1. Introduction
Alzheimer’s disease is a progressive neurodegenerative disease in which patients experience symptoms such as impairment of behavioral and cognitive functions such as memory, comprehension, language, attention, reasoning, and judgment [
1]. Alzheimer’s is the most common form of dementia [
1]. There are three types of Alzheimer’s disease: early onset, late onset, and familial Alzheimer’s disease (FAD) [
2]. While FAD only accounts for about 25% of Alzheimer’s cases, it can provide valuable insight in the alterations in Aβ function [
3]. Alzheimer’s is currently the sixth leading cause of death in the United States. Furthermore, there was a sharp increase in the number of Alzheimer’s cases over the last two decades, emphasizing the need for an effective treatment for Alzheimer’s disease. The current treatments available only address the symptoms of Alzheimer’s but not the underlying cause.

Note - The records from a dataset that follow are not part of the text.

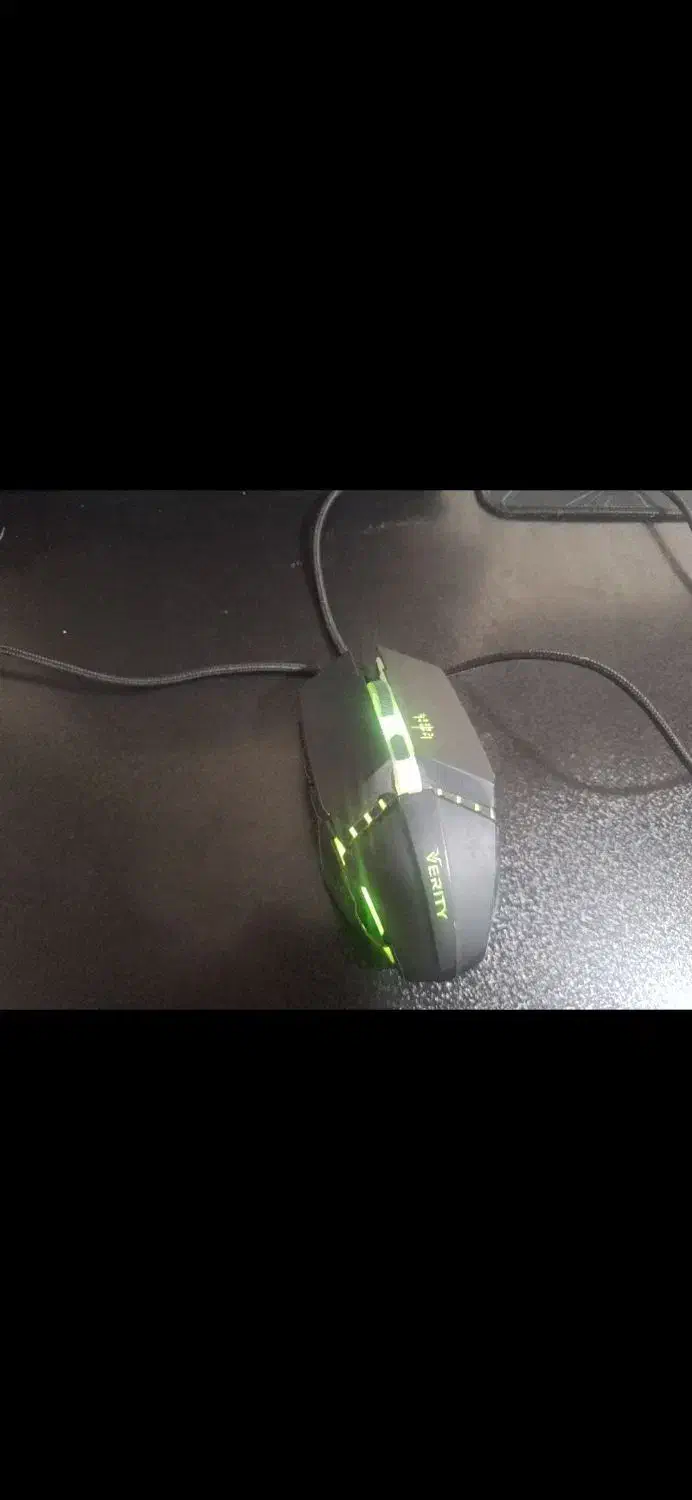 کیبر موس گیمینگ|قطعات و لوازم جانبی رایانه|مشهد, سجاد شهر|دیوار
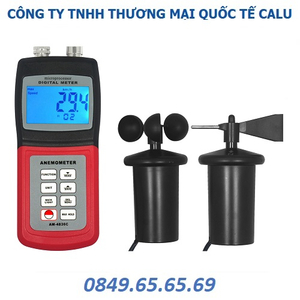 Máy đo tốc độ gió dạng cốc AM-4836C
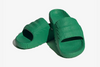 Adidas Originals ADILETTE 22 SLIDES 'GREEN / CLOUD WHITE / GREEN'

Small aggregates of Aβ called oligomers are cytotoxic and are thought to play a role in neurodegeneration in Alzheimer’s disease [
4]. The oligomers can form protofibrils. Aβ protofibrils aggregate together to form plaques which disrupt the neuronal connections in the brain. Many studies have explored drug interventions to prevent Aβ aggregation [
4,
5]. However, clinical trials of anti-aggregations drugs have thus far mostly failed suggesting that researchers might consider targeting other mechanisms to treat Alzheimer’s disease [
5]. Five drugs that target Aβ to treat Alzheimer’s disease are currently in clinical trials (or have recently completed clinical trials): gantenerumab, crenezumab, solanezumab, donanemab, and lecanemab [
6]. Aducanumab very recently received accelerated FDA approval on 7 June 2021 [
7]. Donanemab has shown to improve the composite score for cognition and the ability to perform daily activities in clinical trials and has awarded FDA Breakthrough Therapy designation in June 2021 [
8,
9].
Previous studies have analyzed the relation between Aβ and Alzheimer’s to understand how the Aβ peptides aggregate and form plaques and how a drug can inhibit aggregation [
3,
10,
11,
12]. Other studies evaluate the different mutations of Aβ through different methods to generate a ranking of the different mutations based on their rate of aggregation. According to Tabaton et al., Aβ also plays a large signaling role for the BACE1 receptor. The signaling domain refers to Residues 1–8. There is a gap with the literature available in terms of the relation between aggregation and the signaling domain. This molecular simulation creates the opportunity to analyze these residues and evaluate the impact of the signaling domain on aggregation. No other molecular simulation provides the ability to specifically analyze the signaling domain. This means that this research is a novel approach to determine the importance of the signaling domain on aggregation.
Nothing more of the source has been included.